### What needs to be done:
The expected copy holds every entry exactly and none of the pictures.

### Provided records:
'''

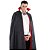 Capa Longa Dupla Face Preto/vermelho Adulto Koule Fantasia - Imagem 1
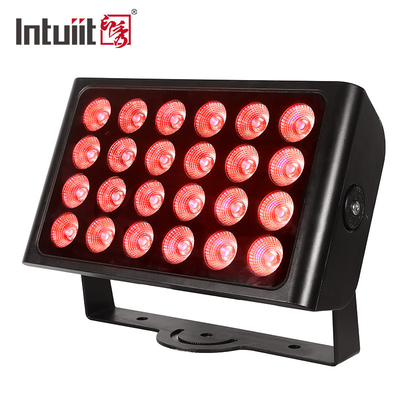 Wodoszczalny IP65 Kolor miejski DMX512 24x10w RGBW Zewnętrzny Led Wall Washer Światło powodziowe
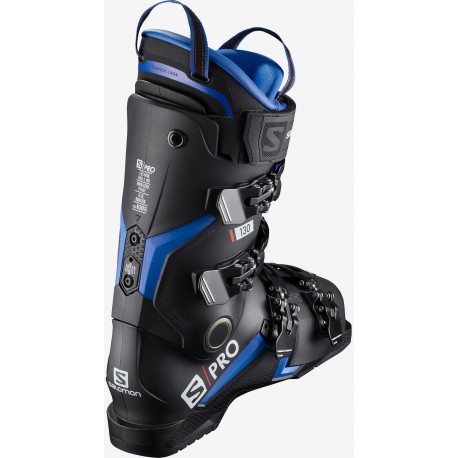 Salomon S/Pro 130 Black/Race Blue/Red 2021 - Chaussures ski homme
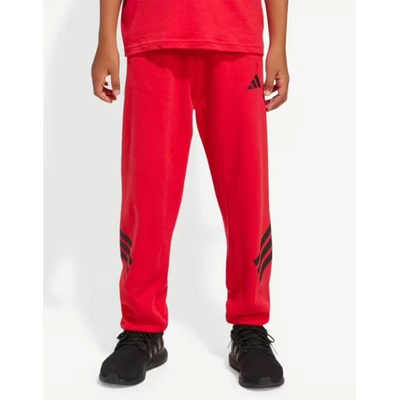 Adidas Future Icons 3 Stripes Wide Pants Red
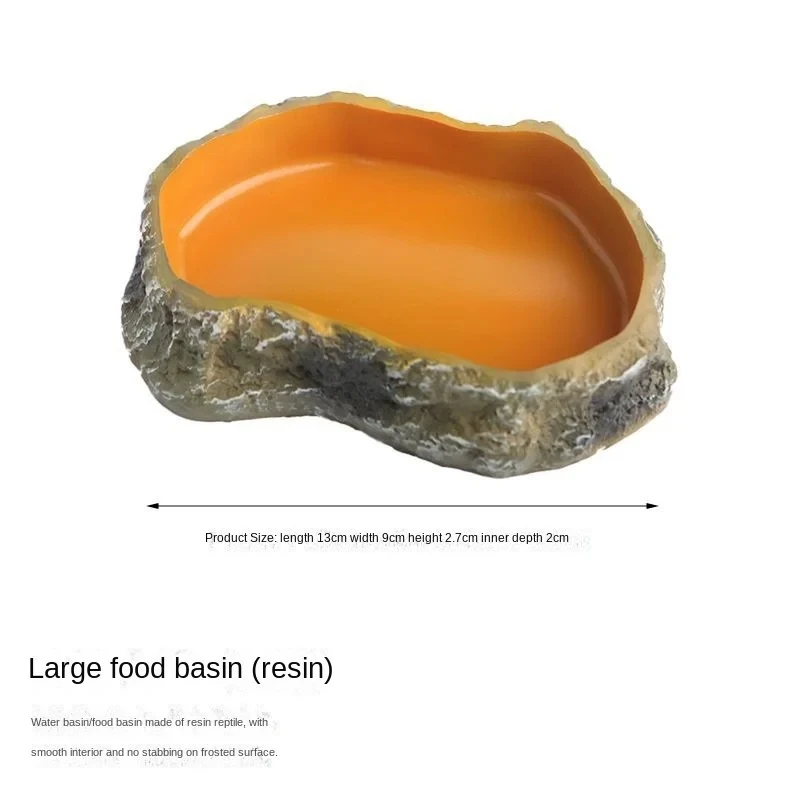 Reptile pet food basin drinking water basin reptile breeding box landscaping lizard gecko horned frog snake turtle food basin - Image 8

'''

### Task solution:
 Capa Longa Dupla Face Preto/vermelho Adulto Koule Fantasia - Imagem 1
 Wodoszczalny IP65 Kolor miejski DMX512 24x10w RGBW Zewnętrzny Led Wall Washer Światło powodziowe
 Salomon S/Pro 130 Black/Race Blue/Red 2021 - Chaussures ski homme
 Adidas Future Icons 3 Stripes Wide Pants Red
 Reptile pet food basin drinking water basin reptile breeding box landscaping lizard gecko horned frog snake turtle food basin - Image 8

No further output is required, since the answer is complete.